*** SUPPLIED DATA Section Begins ***

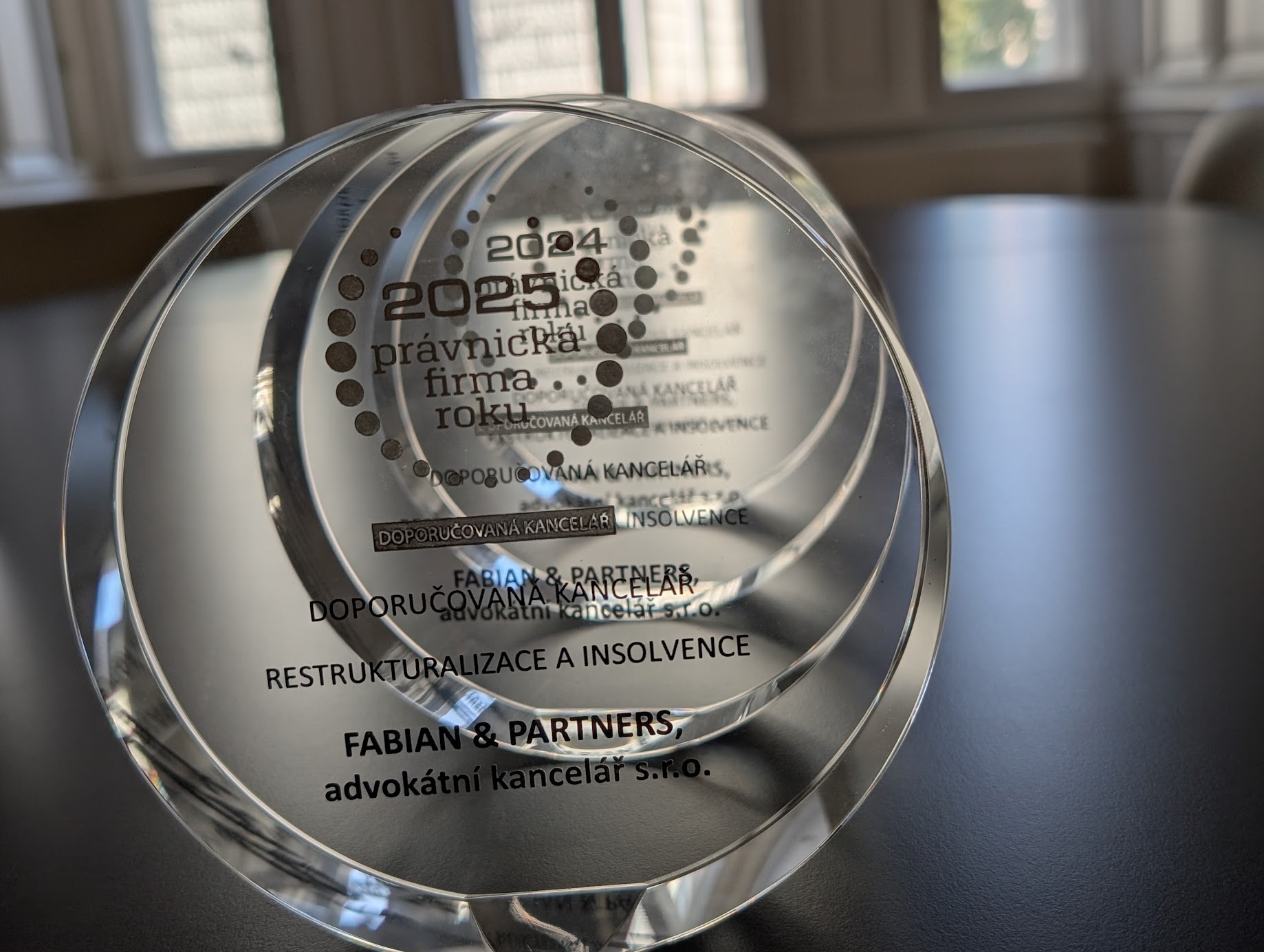 Insolvence Wood Seeds Moratorium Crystal circular award on a dark table, with Czech text and the name 'FABIAN & PARTNERS' visible, reflecting light through the glass.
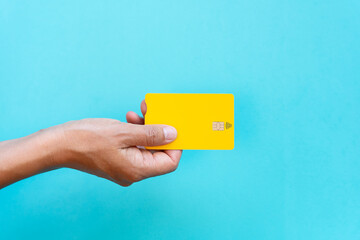 Concept contact less use. Hand view from above taking yellow credit card on blue background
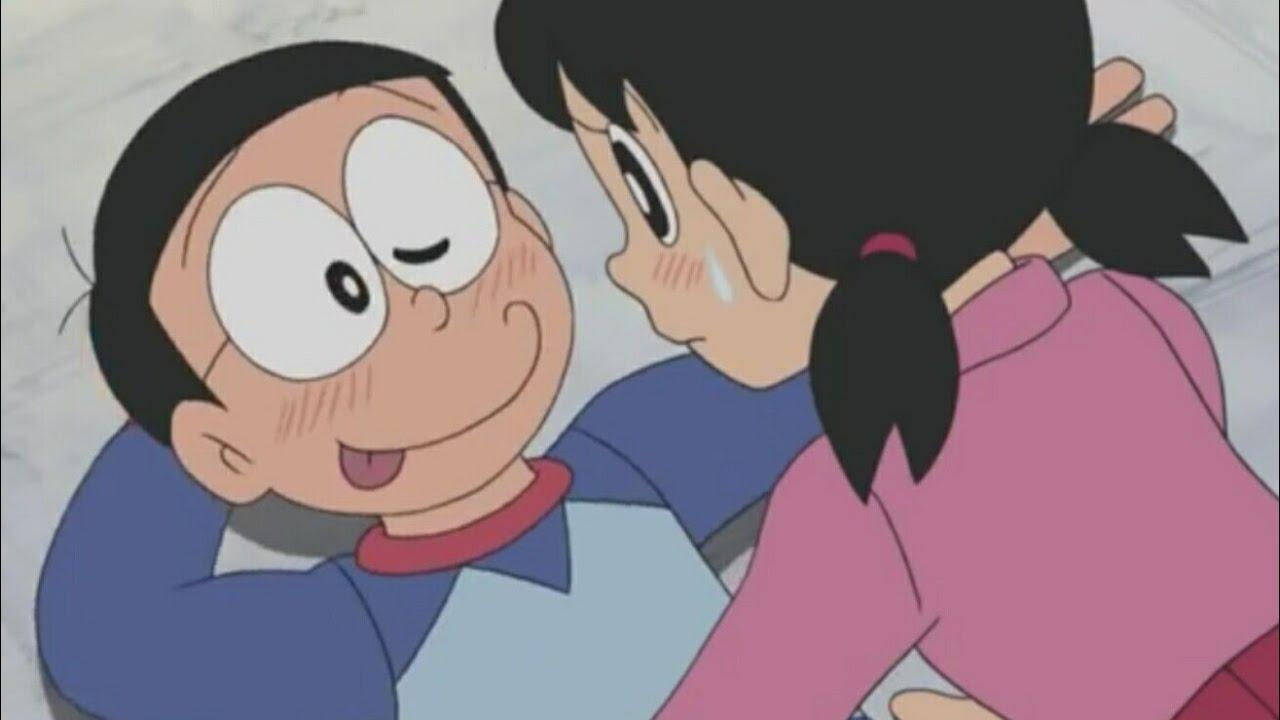 Históriade Amor Entre Nobita E Shizuka Com Piscadela Para Usar Como Papel De Parede Do Computador Ou Celular. Papel de Parede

*** SUPPLIED DATA Section Ends ***

YOUR TASK
Each line above must be set down exactly, though no picture should be carried over.

OUTPUT OF THE TASK
 Insolvence Wood Seeds Moratorium Crystal circular award on a dark table, with Czech text and the name 'FABIAN & PARTNERS' visible, reflecting light through the glass.
 Concept contact less use. Hand view from above taking yellow credit card on blue background
 Históriade Amor Entre Nobita E Shizuka Com Piscadela Para Usar Como Papel De Parede Do Computador Ou Celular. Papel de Parede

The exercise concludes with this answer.